1 The principal ones were "A Letter to Thomas Paine. By an
American Citizen. New York, 1797," and "A Letter to the
infamous Tom Paine, in answer to his Letter to General
Washington. December 1796. By Peter Porcupine" (Cobbett).
Writing to David Stuart, January 8,1797, Washington,
speaking of himself in the third person, says: "Although
he is soon to become a private citizen, his opinions are to
be knocked down, and his character traduced as low as they
are capable of sinking it, even by resorting to absolute
falsehoods. As an evidence whereof, and of the plan they are
pursuing, I send you a letter of Mr. Paine to me, printed in
this city and disseminated with great industry. Enclosed you
will receive also a production of Peter Porcupine, alias
William Cobbett. Making allowances for the asperity of an
Englishman, for some of his strong and coarse expressions,
and a want of official information as to many facts, it is
not a bad thing." The "many facts" were, of course, the
action of Monroe, and the supposed action of Morris in
Paris, but not even to one so intimate as Stuart are these
disclosed.
"It was long believed that Paine had returned to America with his friend James Monroe, and the lovers of freedom [there] congratulated themselves on being able to embrace that illustrious champion of the Rights of Man. Their hopes have been frustrated. We know positively that Thomas Paine is still living in France. The partizans of the late presidency [in America] also know it well, yet they have spread a rumor that after actually arriving he found his (really popular) principles no longer the order of the day, and thought best to re-embark.
"The English journals, while repeating this idle rumor, observed that it was unfounded, and that Paine had not left France. Some French journals have copied these London paragraphs, but without comments; so that at the very moment when Thomas Paine's Letter on the 18th. Fructidor is published, La Clef du Cabinet says that this citizen is suffering unpleasantness in America."
Paine had intended to return with Monroe, in the spring of 1797, but, suspecting the Captain and a British cruiser in the distance, returned from Havre to Paris. The packet was indeed searched by the cruiser for Paine, and, had he been captured, England would have executed the sentence pronounced by Robespierre to please Washington.
MEMORIAL ADDRESSED TO JAMES MONROE, MINISTER FROM THE UNITED STATES OF AMERICA TO THE FRENCH REPUBLIC.
Prison of the Luxembourg, Sept. 10th, 1794.

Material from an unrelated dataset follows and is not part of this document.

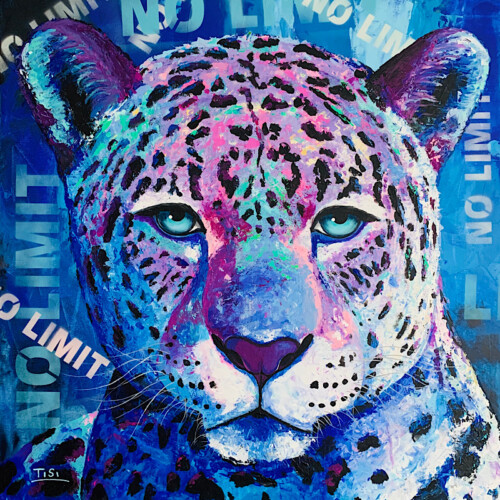 Jayden: No Limit - verkauft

I address this memorial to you, in consequence of a letter I received from a friend, 18 Fructidor (September 4th,) in which he says, "Mr. Monroe has told me, that he has no orders [meaning from the American government] respecting you; but I am sure he will leave nothing undone to liberate you; but, from what I can learn, from all the late Americans, you are not considered either by the Government, or by the individuals, as an American citizen. You have been made a french Citizen, which you have accepted, and you have further made yourself a servant of the french Republic; and, therefore, it would be out of character for an American Minister to interfere in their internal concerns. You must therefore either be liberated out of Compliment to America, or stand your trial, which you have a right to demand."
This information was so unexpected by me, that I am at a loss how to answer it. I know not on what principle it originates; whether from an idea that I had voluntarily abandoned my Citizenship of America for that of France, or from any article of the American Constitution applied to me. The first is untrue with respect to any intention on my part; and the second is without foundation, as I shall shew in the course of this memorial.

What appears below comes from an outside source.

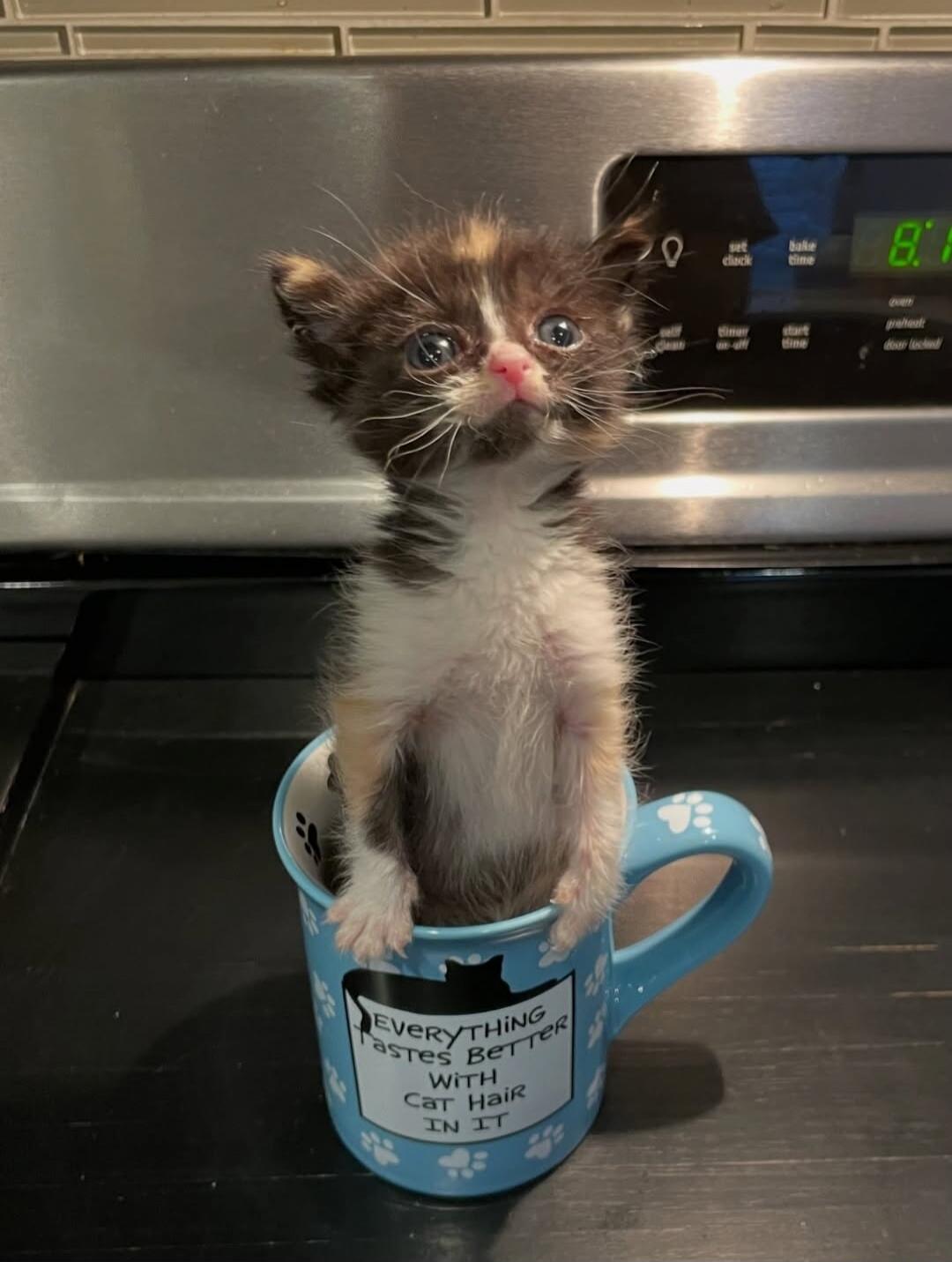 Everything tastes better with cat hair in it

The idea of conferring honor of Citizenship upon foreigners, who had distinguished themselves in propagating the principles of liberty and humanity, in opposition to despotism, war, and bloodshed, was first proposed by me to La Fayette, at the commencement of the french revolution, when his heart appeared to be warmed with those principles. My motive in making this proposal, was to render the people of different nations more fraternal than they had been, or then were. I observed that almost every branch of Science had possessed itself of the exercise of this right, so far as it regarded its own institution. Most of the Academies and Societies in Europe, and also those of America, conferred the rank of honorary member, upon foreigners eminent in knowledge, and made them, in fact, citizens of their literary or scientific republic, without affecting or anyways diminishing their rights of citizenship in their own country or in other societies: and why the Science of Government should not have the same advantage, or why the people of one nation should not, by their representatives, exercise the right of conferring the honor of Citizenship upon individuals eminent in another nation, without affecting their rights of citizenship, is a problem yet to be solved.
I now proceed to remark on that part of the letter, in which the writer says, that, from what he can learn from all the late Americans, I am not considered in America, either by the Government or by the individuals, as an American citizen.